Hameed started his profession as a fact-checking trainer with Iraqi Network for Social Media (INSM) and Media in Cooperation and Transition (MICT), as well as other international institutions, with the aim of training young people on how to fact-check news, starting first with media personnel, activists, and then university and high schools students.
“We train people to spread the culture of fact-checking in their workplaces and communities,” noted the 28-year-old blogger, adding that most workers at the three aforementioned projects are university students and bloggers, not journalists.
Moreover, the Lebanese newspaper Annahar launched five months ago a project led by journalists and reporters to combat fake news. “At first, we launched a Facebook page entitled ‘LebanonNowNews.com’, and published three pieces of news with catchy headlines to attract readers, but actually, the news did not contain any real news. However, it was a message from the newspaper to readers to say to them, ‘do not open any source, believe, or share anything without verifying it,’” said Diana Skaini, head of digital content at Annahar.

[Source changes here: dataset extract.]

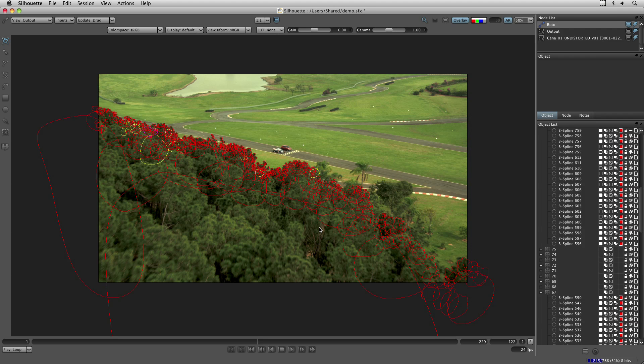Hi there, here is Magnum Borgo from Boundary Visual Effects and in this demo I will show the new script that creates a helper layer to help you visualize better your stabilized layers.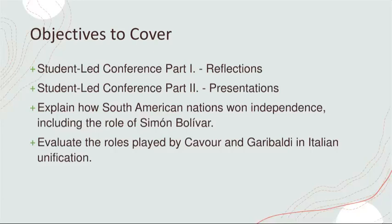Next, we'll turn our attention to Europe — Italy more specifically. We're going to evaluate the intricate roles played by Cavour and Garibaldi in the unification of Italy. The 19th century witnessed a fragmented Italian peninsula, and the efforts of these two figures significantly shaped the course of Italian unification. Cavour's political acumen and diplomatic maneuvering, coupled with Garibaldi's military prowess and charismatic leadership, played complementary roles in achieving the dream of a unified Italy. We'll explore the political landscape, the challenges faced, the strategies employed, and the ultimate success that marked this transformative period.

This page was just the beginning for the Lebanese newspaper, part of a larger campaign to counter fake news and rumours. “The campaign is named “Annahar, what you read, not what you see”, which means “reading news in depth,” explained Skaini, noting, “Arab societies need truth and true information, people need to understand what is going on in the world; credible and trusted information, not catchy headlines or fabricated news.”
Meanwhile, Annahar launched a section entitled “Annahar counters fake news”, through which it communicates with reporters in the most significant international media, such as the BBC, Le Monde, and Le Parisien, which have sections of journalists to fact-check news. “Each organisation has its section of seven specialised journalists to only fact-check news,” Skaini pointed out, noting that Arab media outlets do not have such departments.
“This is because they don’t know how to do that or the tools they need, and of course, it would not be easy to have seven journalists only for fact-checking; it would be a financial burden on any media organisation,” she said. However, she noted that it is never too late to get on the right track to implementing international practices. “We can benefit from international media experiences,” she said.
On the other hand, Jordan has taken the mission through an academic approach, with the Jordan Media Institute creating a project on media and information education. “We offer trainings and academic programmes to school and university students in order to teach them doubting skills before sharing anything online,” said Anoud Al Zoubi, a Jordanian communications professional, fact-checking trainer, and TV and radio producer.
On social media, the institute launched “Akeed.jo,” a Facebook page to monitor news published in Jordanian media, enhance public monitoring, and spread the culture of media accountability among the media, journalists, and society. “The main task is to correct fake news and rumours,” Al Zoubi noted, adding that they teach students technological tools such InVID and Google tools to fact-check news.
“We also teach them that the virtual world is the same as the real one, has main ethics and responsibilities, and that they do not have the absolute freedom to do or publish whatever they want,” Al Zoubi concluded.